Confucius’s Ideas on Relationships

Confucius outlines five specific relationships – parent and child, elder brother and younger brother, husband and wife, friend and friend, and ruler and subject – and it is easy to compare and contrast those individual relationships within their subsequent modern context.  From an academic educational standpoint (versus social context), I enjoyed William Theodore de Bary’s humanist perspective that ‘Confucian literature, with its emphasis on ethical relationships, connects the family and the local community with the larger national and global communities.  Rather than centering exclusively on the differences that separate groups, Confucianism can provide a multiculturalism that ‘integrates human commonality as well as cultural diversity”  (Gutek, 2011, pp. 26-27).
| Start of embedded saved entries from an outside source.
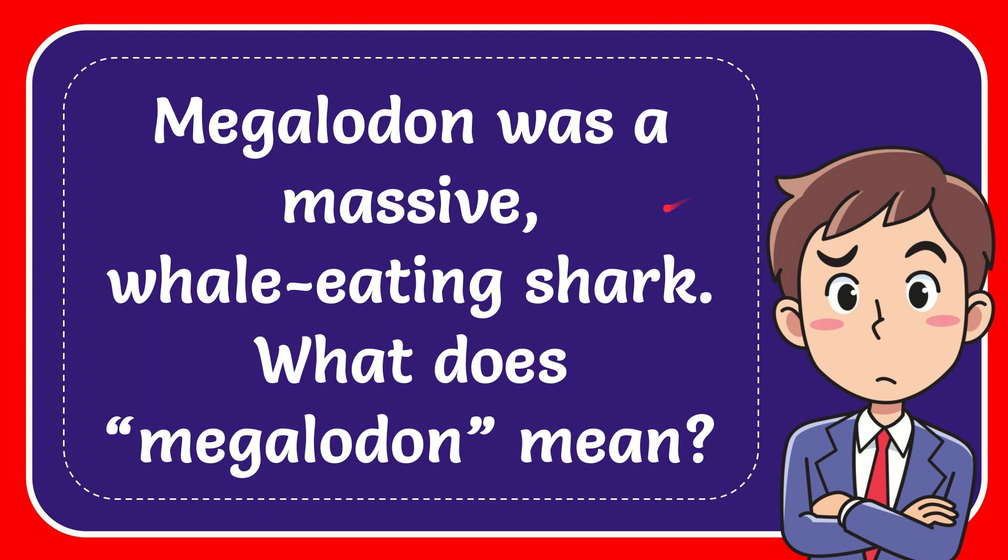In this video I'm going to give you the answer for this question. The question is Megalodon was a massive whale eating shark. What does Megalodon mean?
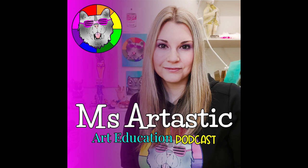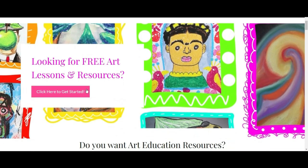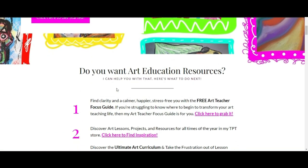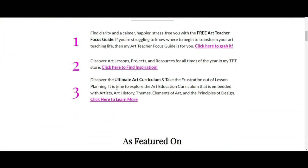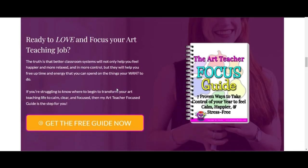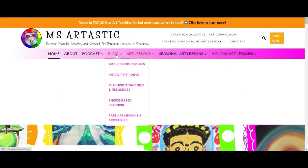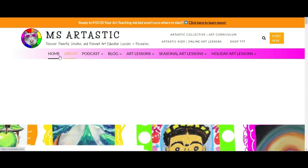You're listening to the Miss Artastic Podcast — inspiration for art teachers. Here's your host, Kathleen McGivern. This episode is brought to you by MissArtastic.com. If you're a teacher or art educator, you can find ideas, tips, advice, and art resources for art education at MissArtastic.com. Find the link in the description or go to MissArtastic.com now.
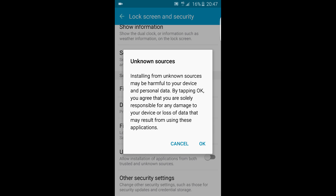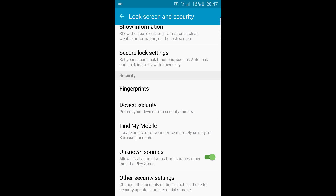By tapping OK, you agree that you are solely responsible for any damage to your device or loss of data that may result from using these applications. So I press OK. As you can see, it turned green, and that means it is enabled on my phone. Thank you for watching — it was easy!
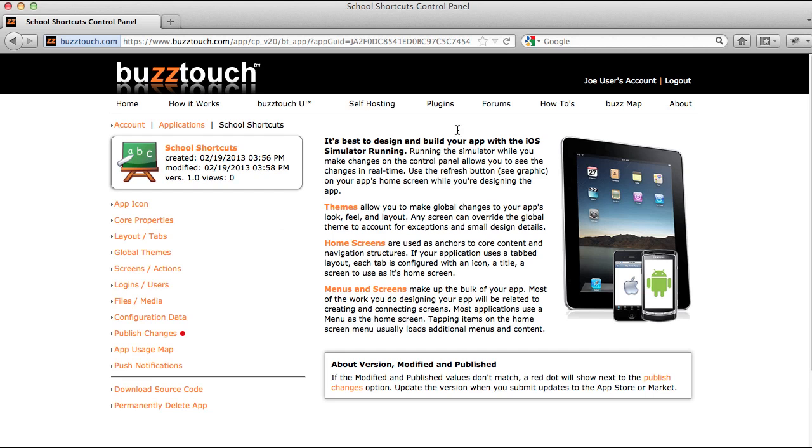On the Buzztouch.com home page, you see one, two, three, which are designed to help you understand the basic steps into using the Buzztouch process. In the next step, step number two, we'll show you how to download the source code for the applications that you create in the control panel.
I believe we see this in schools today.  On the one hand, educators have placed greater import on equity in the classroom, closing achievement gaps, and creating an inclusive learning environment.  At the same time, we strive to diversify our texts, celebrate the individual, create relevant learning experiences based upon our students interests, needs, and backgrounds, and instill a sense of cultural competency throughout the school’s climate and curriculum.
From a teaching perspective, I think it’s somewhat easy to view the teacher-student Confucian relationship as a ‘sage on the stage’ type mentorship, vs the Western ideal of teacher as facilitator and emphasis on small group and peer-led investigation.  However, the fact that an environment such as that – where students are ranked and evaluated, and open to constructive criticism – leads to rewards such as positive motivation and self-esteem, facets that are not present in many American school situations.  I believe all educators praise their students and reward hard work, but oftentimes we hear of learned helplessness, a lack of resiliency, and disrespect that stems from this.  This is where the social context comes into play — if we exist in a society or culture where hierarchical relationships or norms are not revered, it is hard to establish a positive environment that is conducive to struggles without meeting resistance and lack of support.  The parent-student relationship is important at that point, because a family home which celebrates effort and lessons learned (What fabulous struggle did you encounter today?) creates a student whose views on education are much more willing and open than that of a pupil who is either striving for perfection without effort, or worse places no value on academic improvement/achievement.  As parents, we must recognize the education system as a positive attribute of our society (versus an institution that is in opposition to our views); as educators, we must connect our lessons to the global context.

Gutek, G. L. (2011). Historical and philosophical foundations of education: A biographical introduction. Boston, MA: Pearson.